La mañana le pilló soñando. Soñando despierto como quien sueña sin querer. Soñando en mañanas para olvidar ayeres y antesdeayeres. La alborada, como siempre, le sobresaltó con sus luces y sus sonidos, con sus blancos casi nocturnos y sus grises de domingo.
Quedó parado un momento, mirando al cielo y mirando todo lo que aún le quedaba por bajar. Y, como cada mañana de domingo, pensó si aquello merecía la pena, si ese eterno bajar y subir valía para algo que no fuera para romper su soledad de siglos y nostalgias.
Sabía que siempre sería igual, que nunca se atrevería a otra cosa diferente. Pero no lo pensó demasiado. Siguió bajando, bajando en pos de unos momentos distintos a todos esos otros momentos del día y de la noche.
Como todos los domingos, ella estaría allí, ¿esperándole?. Ella llegaría, casi a la misma hora de siempre, saldría de su coche amarillo como el sol y verde como la hierba, cogería su bloc de notas, se sentaría en el banco de siempre, junto a la vieja ermita, suspiraría muy hondo, miraría a las montañas y, durante varias horas solo pensaría en su bloc que se iría llenando de palabras.
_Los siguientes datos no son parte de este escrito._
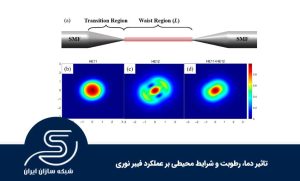 تاثیر دما، رطوبت و شرایط محیطی بر عملکرد فیبر نوری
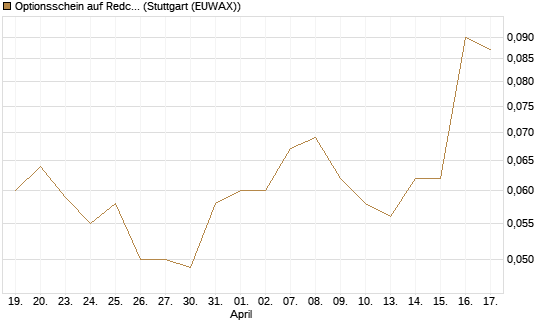 Optionsschein auf Redcare Pharmacy N.V.  [Goldman Sachs Bank Europe SE] Chart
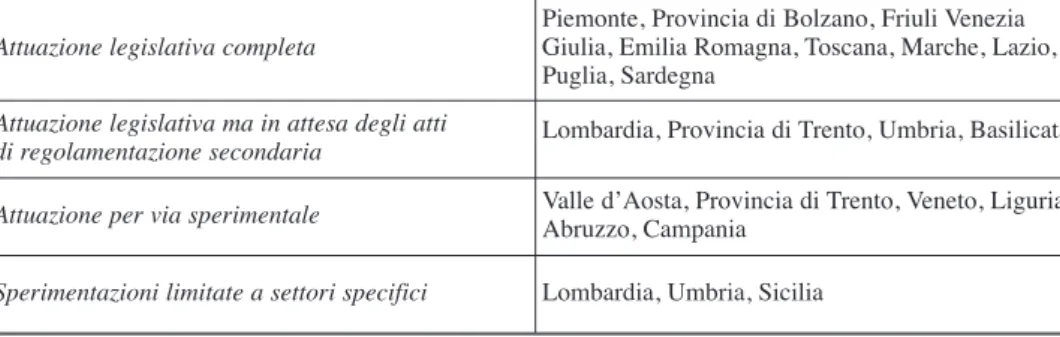 Figura 1 – La regolamentazione dell’apprendistato professionalizzante sul territorio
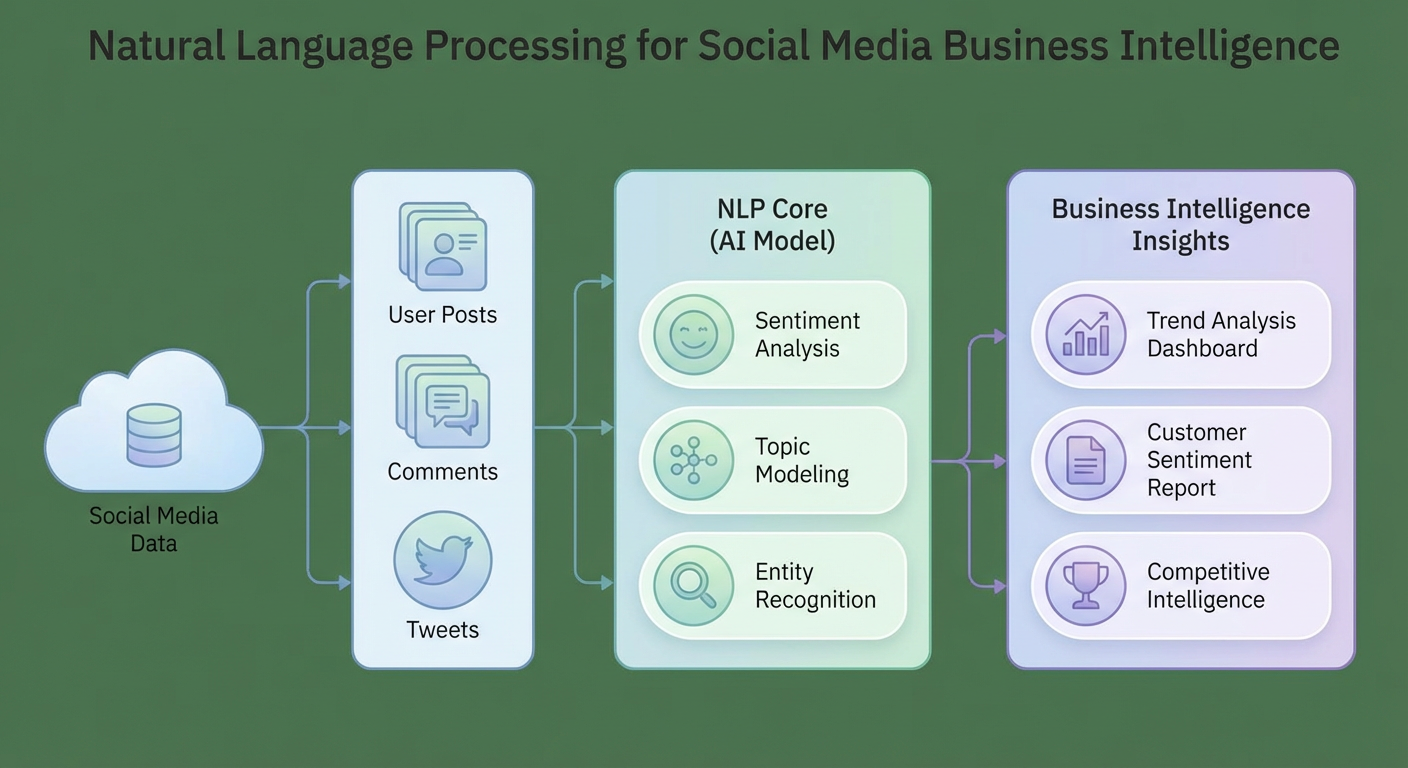 NLP for Social Media Business Intelligence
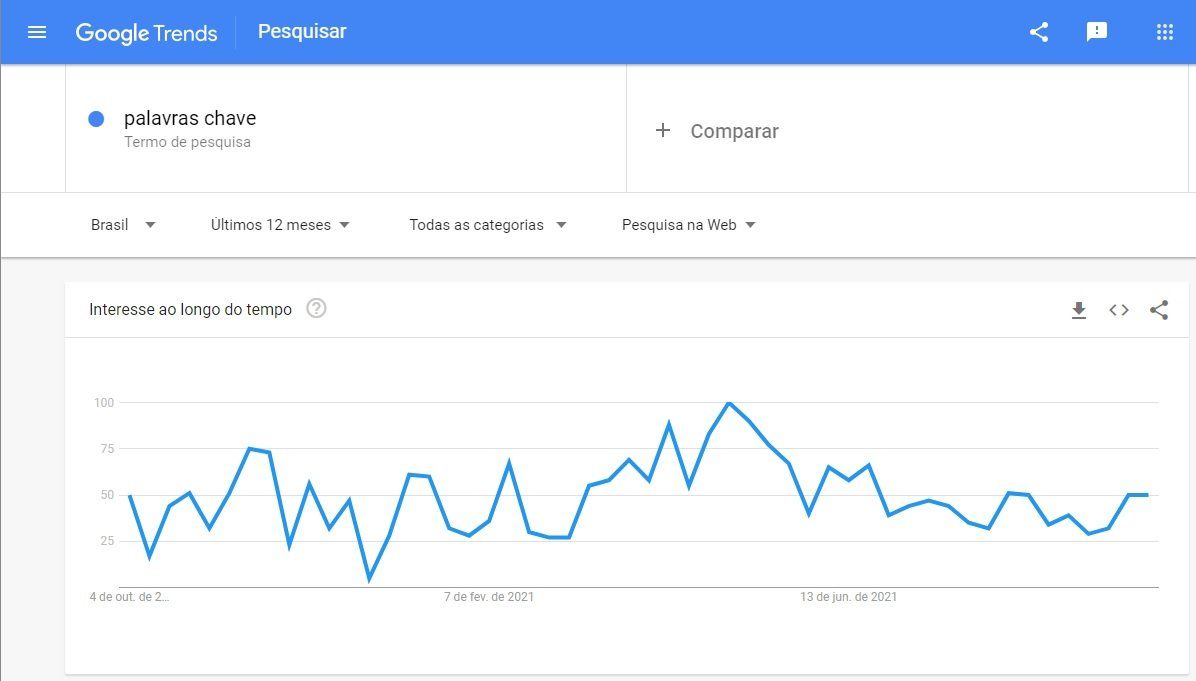 Um gráfico que mostra o número de pesquisas por uma palavra no Google.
Se preguntó muchas veces si, cuando en ocasiones levantaba un momento su mirada, le vería a él, sentado en el banco de al lado, o si solamente miraba para descansar la vista y pensar en la siguiente palabra.
Se preguntaba, a veces, si en alguna parte del bloc hablaría de él, de su eterna mirada, de su aspecto, de ese muchacho anónimo que siempre estaba allí, esperándola y sin decir nada.
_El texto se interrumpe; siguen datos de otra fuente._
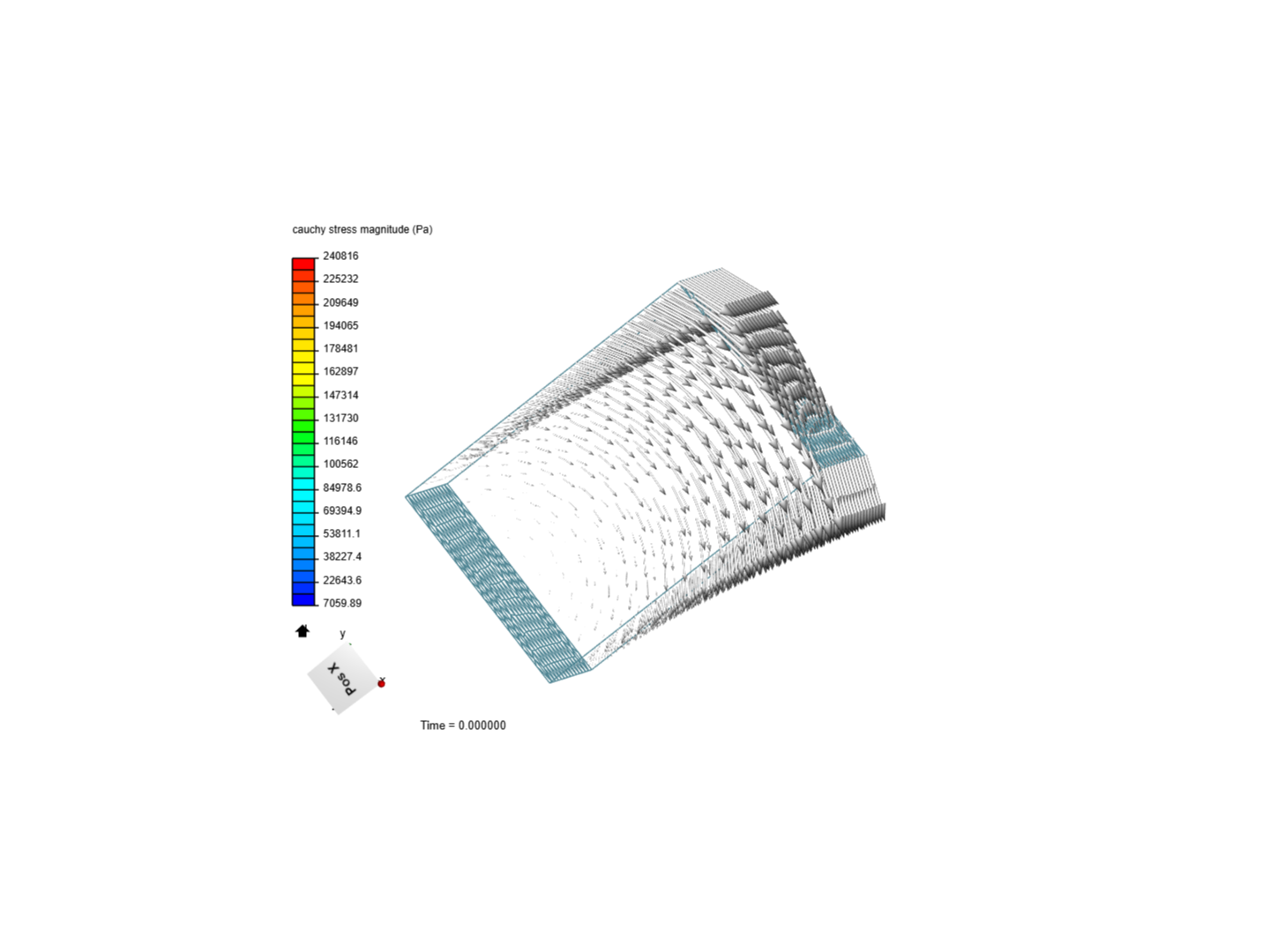 Wear Analysis by shamshx | SimScale...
Cuando ella se marchara, él volvería a su montaña, sendero arriba, a su silencio, a su refugio de olvidos y nostalgias, a su refugio de árboles y rocas. A su refugio de cabras y de lobos. Y de silbos del viento y cadencias de la nieve.
Ese día, más o menos a la hora de siempre, ella se levantó, paseó su mirada por el cielo, se acercó a él y, casi sin mirarle, le dijo “ayer soñé contigo”.
Y se fue.
Dos años después, bajó con su padre hasta la ciudad vecina. Iban de compras para abastecerse para los próximos inviernos. Nunca le había contado a su padre la historia de la muchacha. Y, desde aquel día, aunque seguía bajando hasta el banco de la ermita, nunca ella había vuelto a aparecer.
Al dar la vuelta a la esquina, entrando en una calle peatonal, se topó con ella. Estaba sentada ante una mesa, con montones de libros y una cola de gente esperando para hablar con ella.
Se acercó a la mesa y miró al libro. El dibujo de un muchacho ocupaba casi toda la portada. Se parecía a él. El título era muy sugerente: “El chico de la montaña”.
Ella levantó la mirada y lo vio. Cogió apresuradamente un libro, escribió algo y se levantó para dárselo. Se lo entregó con un beso. Él arreboló toda su cara y miró la dedicatoria: “Para ti. Te quiero”. Y un garabato de firma que no supo descifrar.